Il Continente? Ma se si parla soltanto di compagnie statunitensi (oltre all’olandese Shell)…
A voi il pezzo del Wsj, gruppo Murdoch, molto “sintonico” cone le Sette Sorelle. Il tono pesantemente anri-russo non lascia presagire nulla di buono neppure sotto il profilo geostrategico.
dal WSI
Pubblicato il 19 febbraio 2013| Ora 10:08
ROMA (WSI) – I paesi dell’Est europeo sono presi d’assalto dalle macchine di trivellazione dei colossi energetici Chevron e Royal Dutch Shell. Gli Stati Uniti stanno lentamente diventando l’attore leader nel mercato del gas di scisto naturale e al contempo le economie europee non hanno intenzione di lasciarsi sfuggire l’occasione di aumentare la loro indipendenza energetica.
Shell, riporta Daniel Graeber su Oil Price, e’ pronta a spendere più di 400 milioni di dollari nei progetti in Ucraina, mentre Chevron ha ambizioni di simile portata, ma in Romania. Anche se queste attività non sono paragonabili a quelle in corso negli Stati Uniti, sicuramente sono in grado di indebolire l’ingombrante presenza russa nel settore energetico della regione, esercitata tramite le operazioni di Gazprom.
Il Dipartimento statunitense dell’Energia stima che, nel loro insieme Bulgaria, Ungheria e Romania possiedono molte migliaia di miliardi di metri cubi di gas di scisto. La cifra è stata sufficiente a convincere il gigante del settore Chevron ad avviare le attività di esplorazione nell’Europa orientale. La società petrolifera ha iniziato a chiedere concessioni nel 2010 e da allora ha in mente progetti per operazioni di esplorazione del suolo.
Le stime dell’EIA potrebbero anche sbagliarsi, ma dovrebbe comunque esserci abbastanza gas di scisto nella sola Romania per soddisfare i bisogni energetici del paese per i prossimi 40 anni. Per andare avanti nella campagna di esplorazione l’azienda deve però prima ottenere i permessi ambientali del caso.
Da parte sua Royal Dutch Shell ha annunciato in gennaio che stava investendo 10 miliardi di dollari per tentare di sfruttare il potenziale delle risorse di gas di scisto presenti in Ucraina. Ai margini del summit economico di Davos, in Svizzera, L’AD Peter Voser ha ribadito che il suo gruppo vede un enorme potenziale nell’ex paese del blocco sovietico, dove l’agenzia EIA stima che si trovino 42 mila miliardi di metri cubi di gas naturale di scisto.
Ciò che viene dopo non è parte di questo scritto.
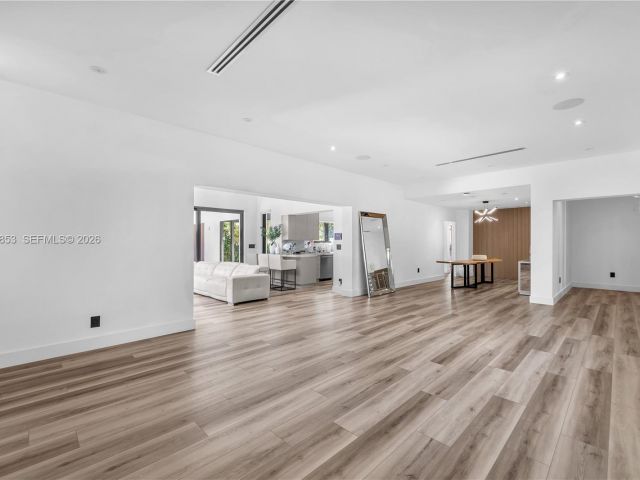 Home for sale at 1424 Algardi Ave - photo 7525544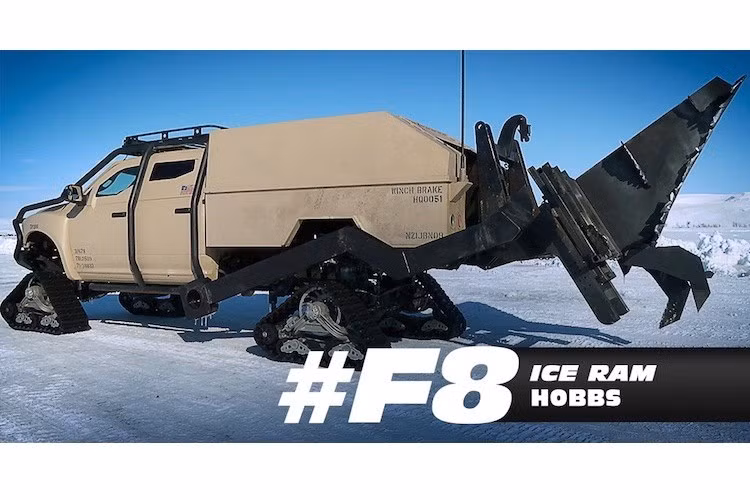 Luke Hobbs chiếc bán tải Dodge Ram "hàng thửa" phù hợp với vẻ "cơ bắp của anh. Không chỉ có lớp vỏ chống đạn, chiếc xe này còn có khung thép gia cường ở ngoài, thay bánh xích và có thể là thiết bị cào băng ở phía sau. Trong một cảnh ở đoạn cuối phim, anh đã nhoài người ra ngoài từ chiếc xe để dùng tay không đẩy một quả ngư lôi chệch hướng.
Che vale a dire il terzo maggiore giacimento nell’Est Europa.
Kiev sostiene che le produzione di gas naturale interna dovrebbe da sola essere sufficiente ad eliminare del tutto la necessità di importare. Il titano russo Gazprom ha ribadito che in nessun modo l’Ucraina eviterà di pagare i 7 miliardi di dollari che deve al gruppo per non il gas naturale rimasto inutilizzato l’anno scorso, nell’ambito di un’intesa “prendi o paga”. Da almeno il 2006 entrambe le parti sono impegnate in un braccio di ferro sui contratti legati al gas e l’anno scorso la Commissione Ue ha avviato una causa anti trust contro le pratiche sospette del gigante russo nella regione.
La produzione di petrolio estratto dai giacimento di scisto potrebbe portare all’economia mondiale altri 2 mila e 700 miliardi l’anno entro il 2035. Le prospettive per il gas sono altrettanto promettenti. In Usa, il Pil potrebbe ottenere risorse fresche per $118 miliardi entro il 2015. Secondo le previsioni, tale cifra è destinata a triplicare a quota 231 miliardi entro il 2035.
In alcune nazioni europee, tuttavia, circa il 70% del consumo di gas deriva dalle risorse importate, il 90% delle quali proveniene dalla Russia. Anche per questo motivo, l’obiettivo principale dei paesi dell’Est è quello di diminuire la loro dipendenza da Mosca. Ora, sebbene difficilmente potranno raggiungere il giro d’affari degli Usa, hanno i mezzi e le risorse per farlo.